======== Data provided
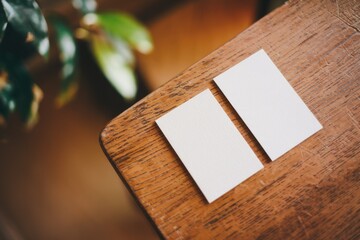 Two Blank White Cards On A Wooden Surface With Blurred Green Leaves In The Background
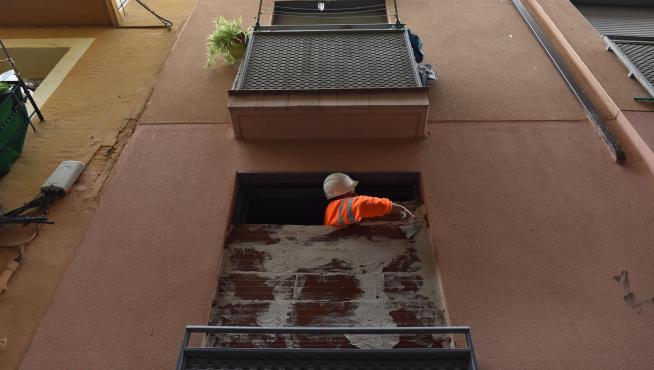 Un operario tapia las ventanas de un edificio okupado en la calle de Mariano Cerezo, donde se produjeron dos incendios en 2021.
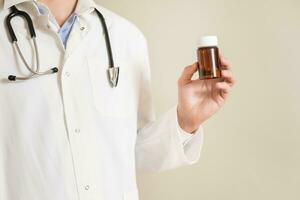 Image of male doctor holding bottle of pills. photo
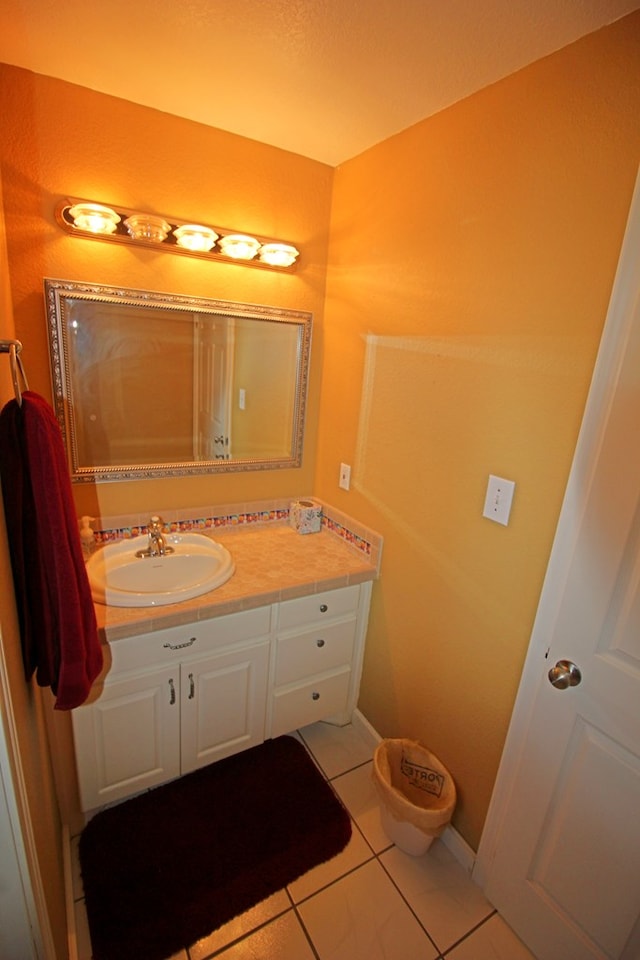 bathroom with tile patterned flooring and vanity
================
======== Data provided
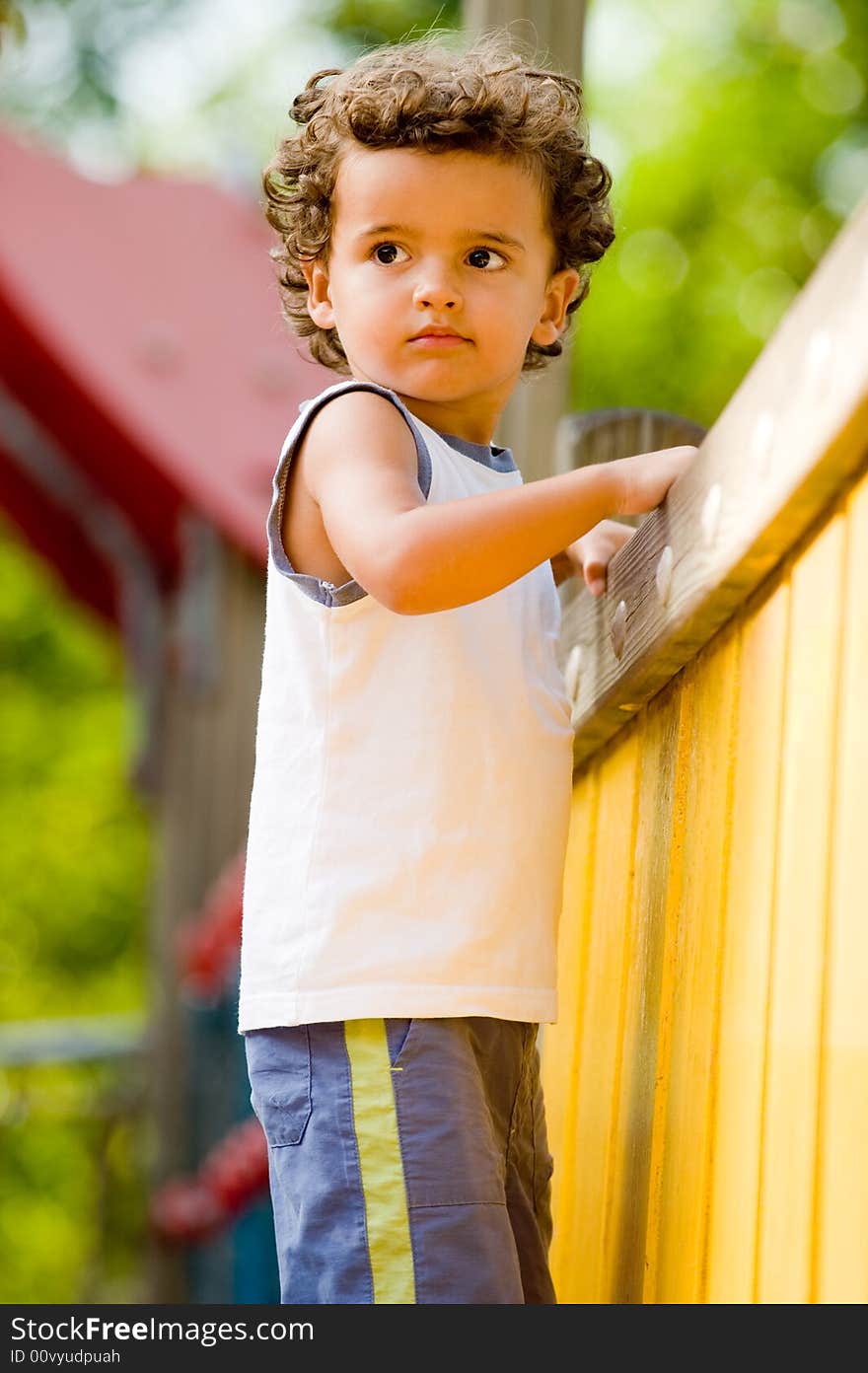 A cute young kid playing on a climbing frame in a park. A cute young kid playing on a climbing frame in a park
================
======== Data provided
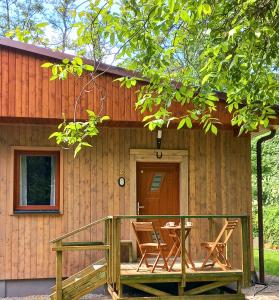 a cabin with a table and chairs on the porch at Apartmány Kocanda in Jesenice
================
#### Goal of the exercise:
In the records above, find the line with "Image of male". Print exactly from there through the line with "bathroom with tile", minus the pictures.

#### Written answer:
 Image of male doctor holding bottle of pills. photo
 bathroom with tile patterned flooring and vanity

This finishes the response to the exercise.